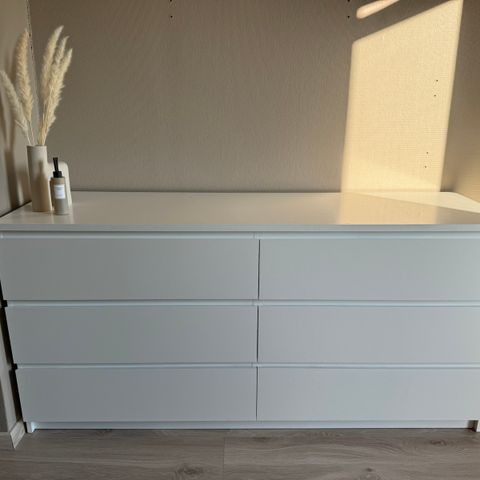 IKEA Malm kommode 6 skuffer H78xB160xD48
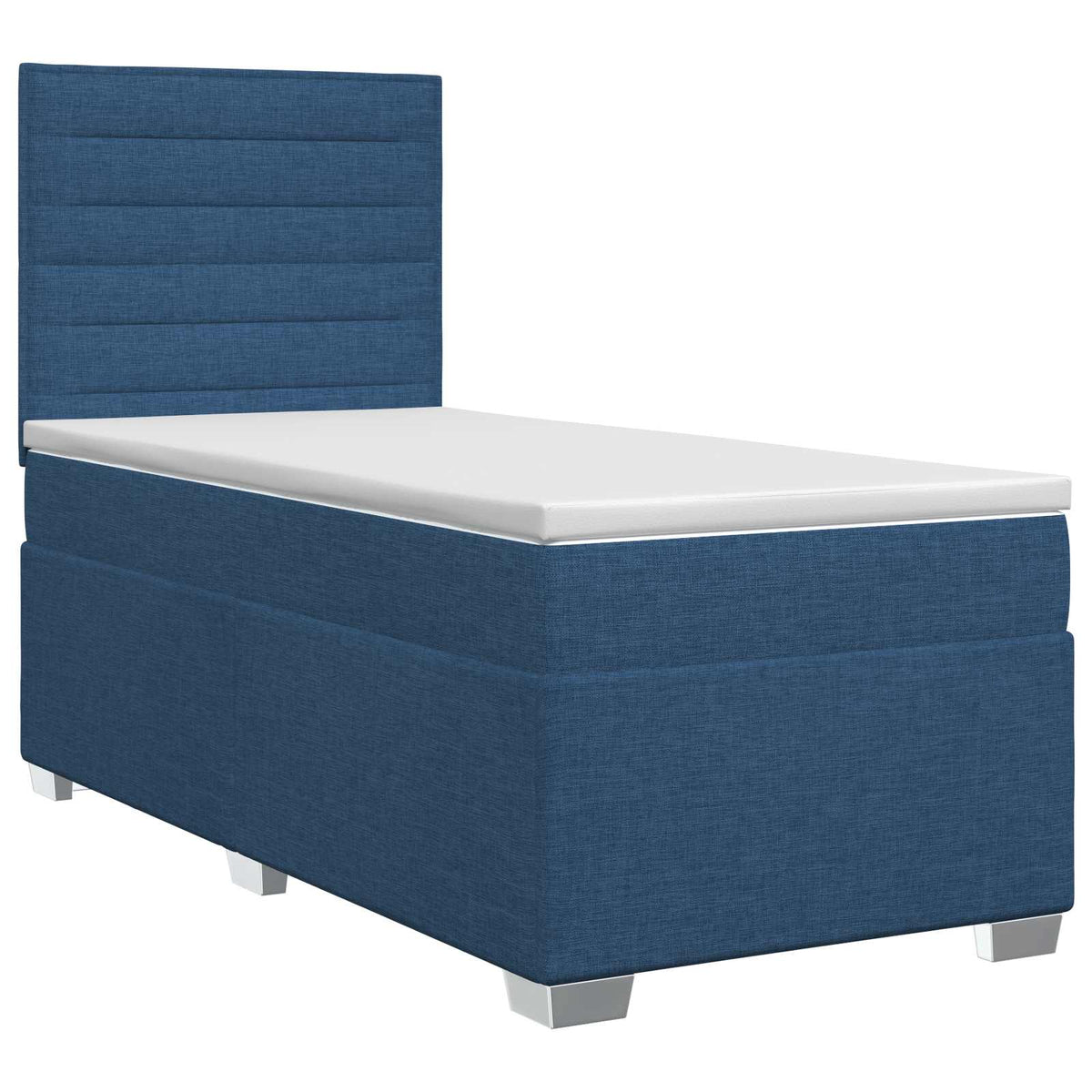 Boxspring krevet s madracem Plava 100 x 200 cm Tkanina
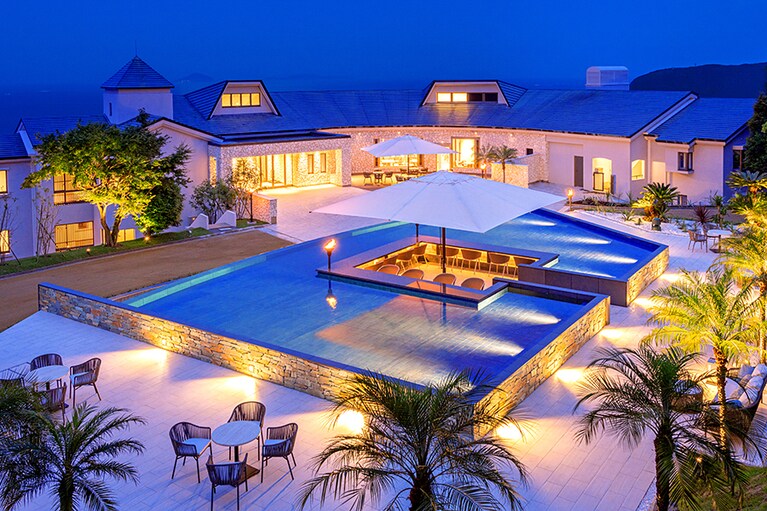 伊豆ホテル リゾート＆スパ［静岡／熱川温泉］WAVE Garden 足湯。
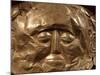 Gold Mask from Tomb Iv of Circle a of Mycenae-null-Mounted Giclee Print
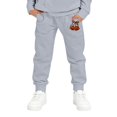thumbnail image 3 of YOUYEDIAN Halloween Sweatpants for Boys Fashion Casual Sweatpants with Pockets Funny Halloween Graphic Pants Kids Comfy Trousers (Gray, 9-10 Years), 3 of 5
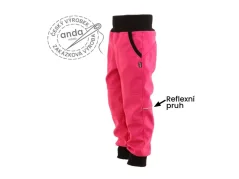 Softshellové kalhoty s bambusovým úpletem (JARNÍ)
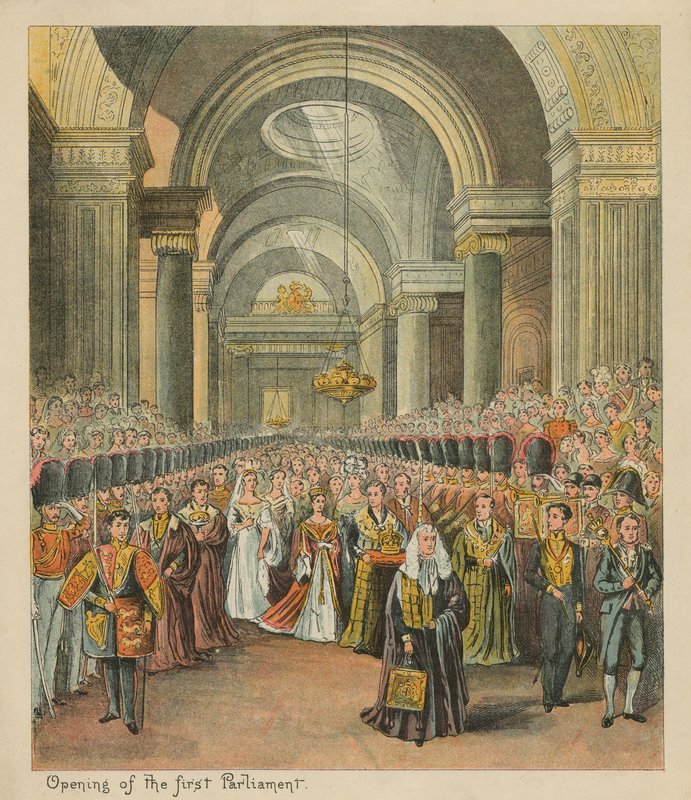 Abertura do Primeiro Parlamento de English School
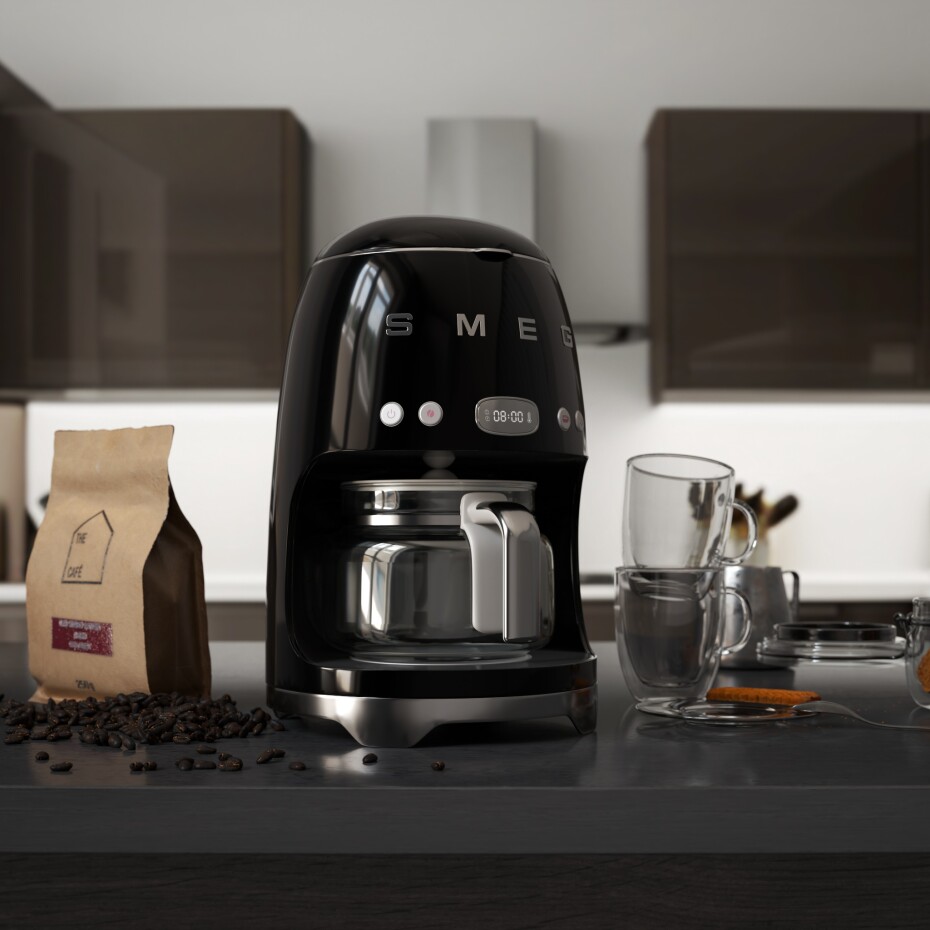 Kávovar na překapávanou kávu DCF02BLEU, černá, SMEG - main (2)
= = = =
_Task goal_:
Would you set down each line of the data exactly, with no images included?

_Answer for this exercise_:
 IKEA Malm kommode 6 skuffer H78xB160xD48
 Boxspring krevet s madracem Plava 100 x 200 cm Tkanina
 伊豆ホテル リゾート＆スパ［静岡／熱川温泉］WAVE Garden 足湯。
 Gold Mask from Tomb Iv of Circle a of Mycenae-null-Mounted Giclee Print
thumbnail image 3 of YOUYEDIAN Halloween Sweatpants for Boys Fashion Casual Sweatpants with Pockets Funny Halloween Graphic Pants Kids Comfy Trousers (Gray, 9-10 Years), 3 of 5
 Softshellové kalhoty s bambusovým úpletem (JARNÍ)
 Abertura do Primeiro Parlamento de English School
 Kávovar na překapávanou kávu DCF02BLEU, černá, SMEG - main (2)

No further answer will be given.